Any venerated legend is retold over and over, just like Batman and Spider-Man movies. This gets tricky here, however, because there’s another animated version of Nezha’s story that came out three years earlier and it is easy to confuse the two. Ne Zha is a 3D CGI animated feature film based upon the same character from The Investiture of the Gods and Journey to the West. It’s another huge, animated spectacle. Produced by Beijing Enlight Pictures, Ne Zha was exclusively released in IMAX and China Film Giant Screen theaters initially.
In comparison, Ne Zha is a more traditional telling of Nezha than New Gods: Nezha Reborn. It’s Nezha’s creation tale, depicting him as a child struggling to contain his destructive, magical powers. He ultimately becomes socially ostracized as a demon because of them. It’s a good introduction to the legend for anyone who doesn’t know it. Even though Ne Zha isn’t connected to New Gods: Nezha Reborn, if you don’t know the story, it might be a better place to start.
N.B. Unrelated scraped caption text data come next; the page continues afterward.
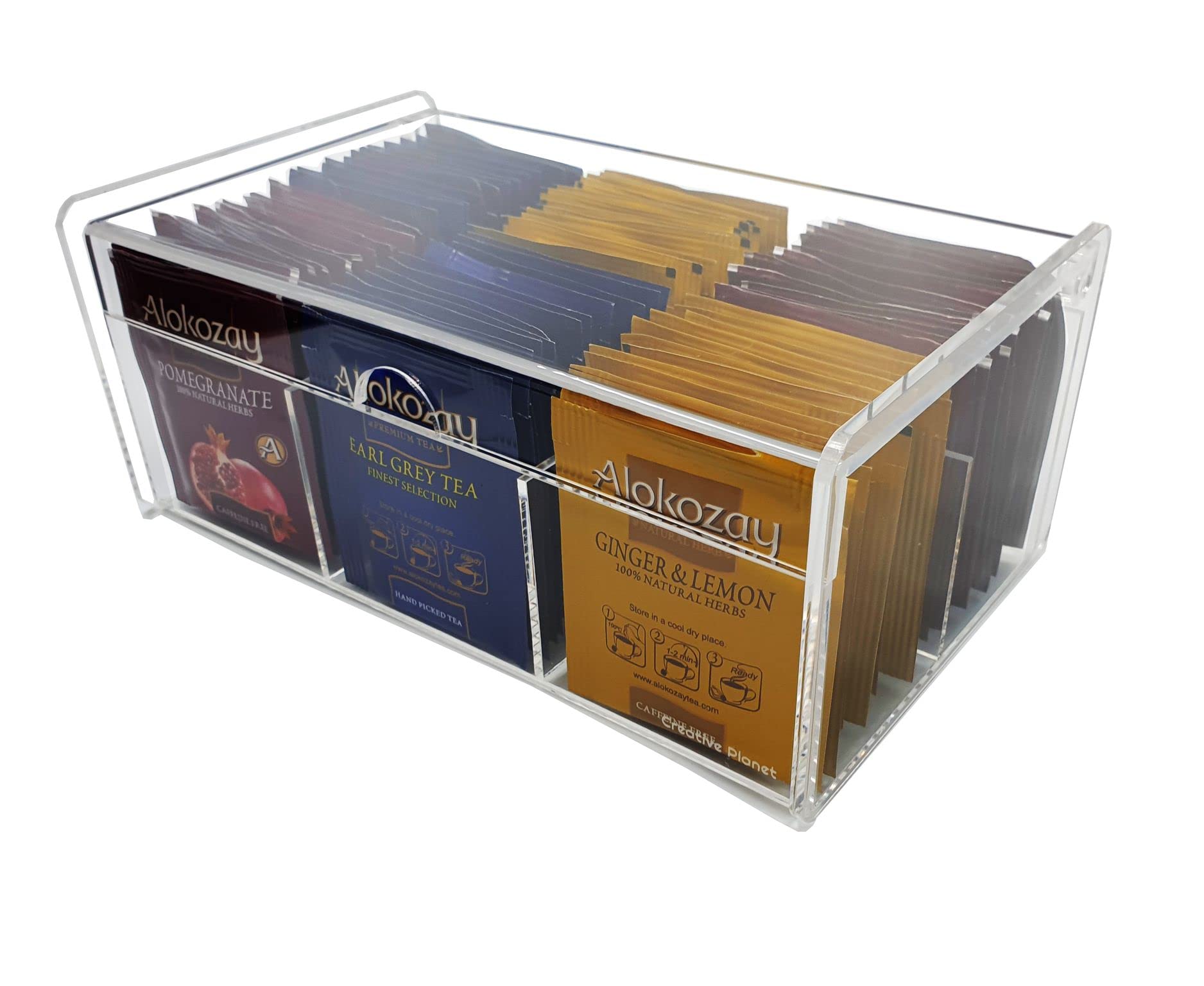 Creative PlanetClear Acrylic Tea Bag Organizer Box with Lid 6 Compartments Ideal for Tea Bags, Candy Packets, Condiments, and Crafts
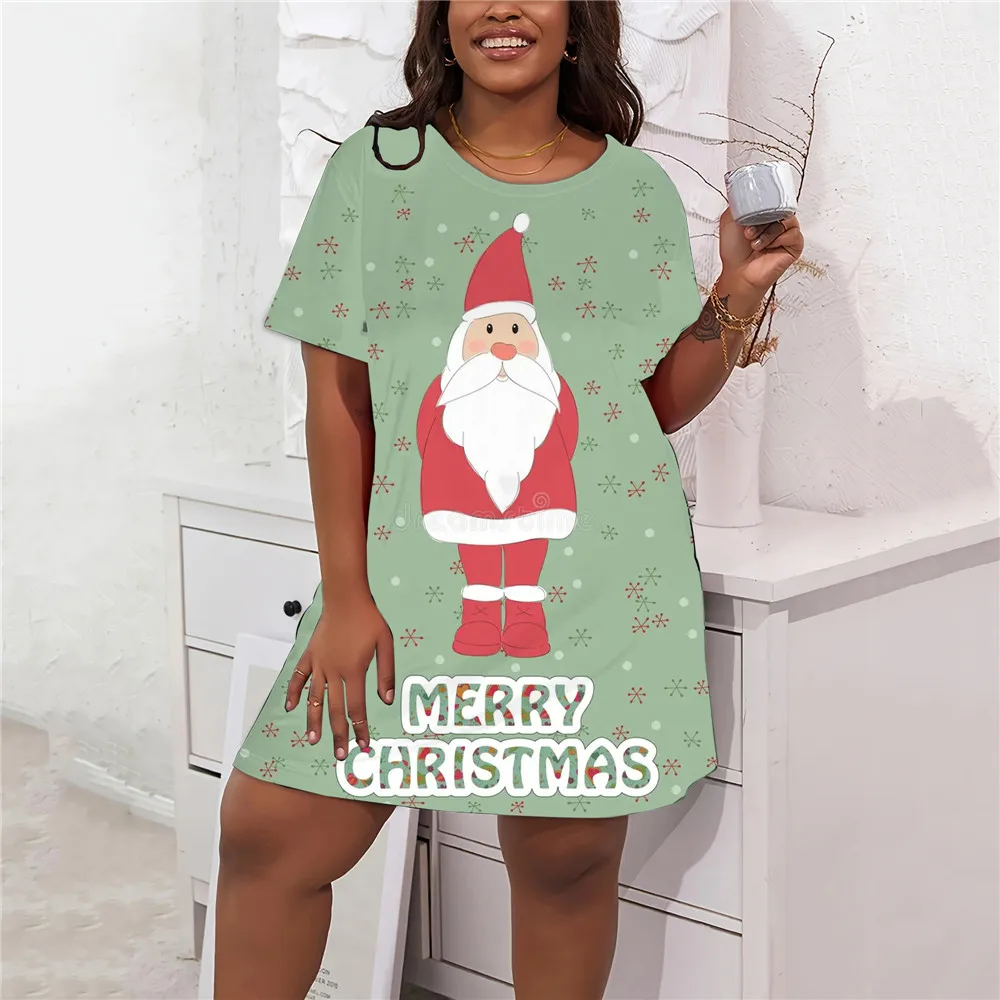 Süße süße Weihnachts druck Kleider Winter Frauen Party Mini kleid Mode lässig Kurzarm Damen plus Größe lose Kleidung 9xl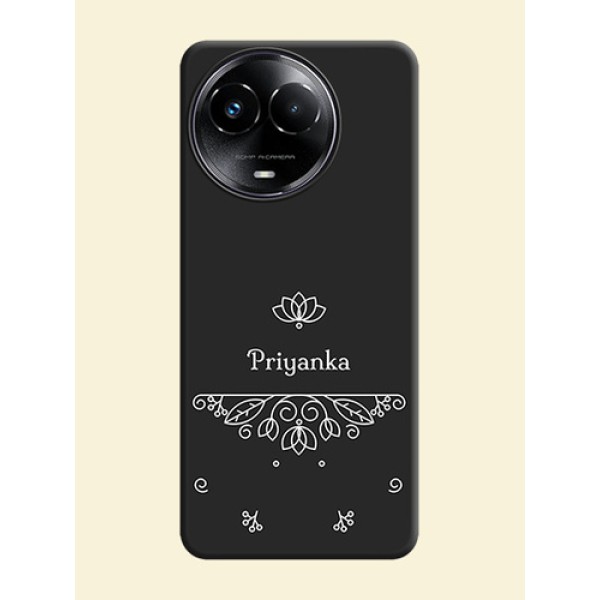 Lotus Garden Custom Text On Space Black Custom Soft Matte Mobile Back Cover - Realme 11 5G Lotus Garden Custom Text On Space Black Custom Soft Matte Mobile Back Cover - Realme 11 5G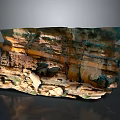 Layered Rocky Terrain Model with Colorful Stratified Textures and Eroded Surface Features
Admittedly, the animated backgrounds in Ne Zha feel derivative of Kung Fu Panda, but the eye-popping action scenes redeem this. The humor is puerile with pee and fart jokes (including a fart trap escape), as well as lots of cartoonish comic relief like dopey Monty Python-esque guards, a burly effeminate villager, a drunk fool, a flying pig that sneezes visions, a sea demon that blows petrifying bubbles, and antidote snot. But then it’s all about the fight scenes. There are sword fights, magic chi blasts, weird spiky weapons, Nezha’s signature magic spear, a magic fly whisk, a magic brush, and shuttlecock action.
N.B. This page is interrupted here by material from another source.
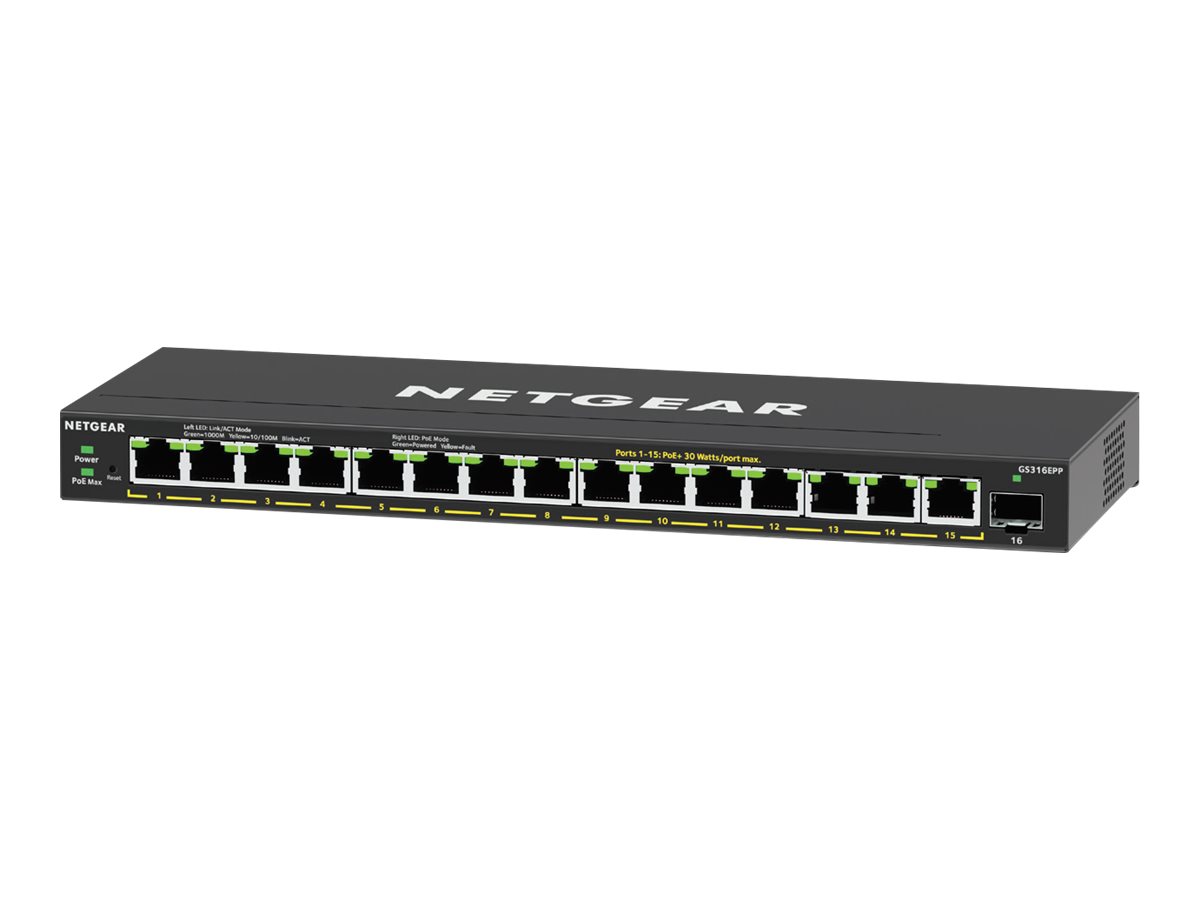 NETGEAR 16-Port High-Power PoE+ Gigabit Ethernet Plus Switch (231W) with 1 SFP port (GS316EPP) Managed Gigabit Ethernet (10/100/1000) Power over Ethernet (PoE) Schwarz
It’s total superhero choreography, very satisfying and somewhat fresh in its vision. This launched yet another film franchise—Beijing Enlight’s Fengshen Cinematic Universe.
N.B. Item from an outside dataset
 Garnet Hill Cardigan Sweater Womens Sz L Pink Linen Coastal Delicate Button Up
Jiang Ziya (2020) is another 3D CGI animated film based on a tale extracted from The Investiture of the Gods, and the second installment of the Fengshen Cinematic Universe (In Mandarin The Investiture of the Gods is “Fengshen Yanyi”—with the word “Fengshen” meaning “feudal supernatural beings”). Like the King of Zhou and Xuanzang, Jiang Ziya was a real historical figure.
Where Ne Zha lacked in animated backgrounds, Jiang Ziya excels. It’s a confusing story about the mortal Jiang Ziyi dealing with fox demons but the somewhat muddled retelling is completely overwhelmed by its otherworldly imagery. Best to let the visuals just wash over you. It builds a startling fresh world—visions of heaven and hell—and almost every scene is a feast for the eyes. It has one of the best depictions of a nine-tailed fox demon ever. Nezha appears in a post credit scene at a feast with Jiang Ziya where they wish the audience “Happy Lunar New Year.”
Green Snake (2021)
In the third installment in the Light Chaser Universe, Verta gets sucked into a dimensional portal and lands in Shura City. Although Nezha never appears, it’s clearly the same Shanghai steampunk world with parallel architecture and one of the same characters, a brilliantly actualized nine-tailed fox demoness. Perhaps Shura City borders Donghai City?
Verta and Blanca were separated at the end of White Snake, so in Green Snake (aka White Snake 2) Verta’s quest is to find her lost sister. The rub is that she has lost her magic powers. Verta finds herself caught between two feuding biker gangs, the Ox-heads and the Horse-faces. In Chinese mythology, Ox-head and Horse-face are the two guardians of the gate to the underworld. They have human bodies crowned with the heads of their namesake animals.
The post-credits scene teases the next project, which appears to focus on the nine-tailed fox girl that appears in both this film and New Gods: Nezha Reborn.